Let me share with you some thoughts from HCA’s chairman and CEO, from an email sent to HCA employees:
“After careful analysis, the special committee and the board have endorsed this transaction as being in the best interests of our shareholders. We are very pleased to have an experienced group of investors who are committed to maintaining our company’s culture of a patients-first approach to quality care. They are also committed to the welfare of our colleagues across the company who carry out that mission every day. These are the principles on which HCA was founded.”
Let me reiterate Jack’s sentiments, and assure you that for our hospital operations, for our staffs, our patients, and for you, this potential change of ownership should be a seamless transition. We will proceed, as we always have, with our mission of providing compassionate, quality care to the patients who rely on us every day.
Thank you.
Sincerely,
XXCEO
Important Additional Information Regarding the Merger will be Filed with the SEC
In connection with the proposed merger, HCA will file a proxy statement with the Securities and Exchange Commission. INVESTORS AND SECURITY HOLDERS ARE ADVISED TO READ THE PROXY STATEMENT WHEN IT BECOMES AVAILABLE, BECAUSE IT WILL CONTAIN IMPORTANT INFORMATION ABOUT THE MERGER AND THE PARTIES THERETO. Investors and security holders may obtain a free copy of the proxy statement (when available) and other documents filed by HCA at the Securities and Exchange Commission’s Web site at http://www.sec.gov. The proxy statement and such other documents may also be obtained for free from HCA by directing such request to HCA Inc., Office of Investor Relations, One Park Plaza, Nashville, Tennessee 37203, telephone: (615) 344-2068.

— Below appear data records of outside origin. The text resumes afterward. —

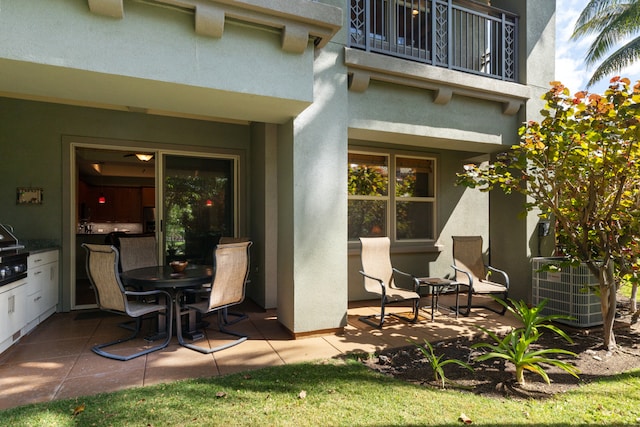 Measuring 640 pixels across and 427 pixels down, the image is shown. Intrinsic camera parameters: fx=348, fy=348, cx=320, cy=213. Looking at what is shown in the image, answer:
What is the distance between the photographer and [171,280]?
→ 11.5 ft

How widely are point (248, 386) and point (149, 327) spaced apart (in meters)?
2.08

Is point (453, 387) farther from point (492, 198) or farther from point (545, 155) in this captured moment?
point (492, 198)

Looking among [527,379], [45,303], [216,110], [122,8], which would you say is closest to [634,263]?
[527,379]

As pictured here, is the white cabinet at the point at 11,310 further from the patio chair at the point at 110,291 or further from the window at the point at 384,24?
the window at the point at 384,24

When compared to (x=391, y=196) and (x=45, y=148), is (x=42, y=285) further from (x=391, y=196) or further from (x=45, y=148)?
(x=391, y=196)

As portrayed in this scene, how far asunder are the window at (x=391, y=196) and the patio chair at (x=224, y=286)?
244cm

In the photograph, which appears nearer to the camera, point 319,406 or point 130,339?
point 319,406

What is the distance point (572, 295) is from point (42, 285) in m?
6.45

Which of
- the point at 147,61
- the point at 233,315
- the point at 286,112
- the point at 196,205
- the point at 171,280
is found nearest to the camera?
the point at 147,61

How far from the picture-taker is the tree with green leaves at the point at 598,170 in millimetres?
3133

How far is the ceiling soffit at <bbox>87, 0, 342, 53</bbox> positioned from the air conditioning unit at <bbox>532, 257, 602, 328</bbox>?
369 centimetres

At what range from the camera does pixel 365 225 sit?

HCA and its directors, executive officers and other members of its management and employees may be deemed to be participants in the solicitation of proxies from its stockholders in connection with the proposed merger. Information concerning the interests of HCA’s participants in the solicitation, which may be different than those of HCA stockholders generally, is set forth in HCA’s proxy statements and Annual Reports on Form 10-K, previously filed with the Securities and Exchange Commission, and in the proxy statement relating to the merger when it becomes available.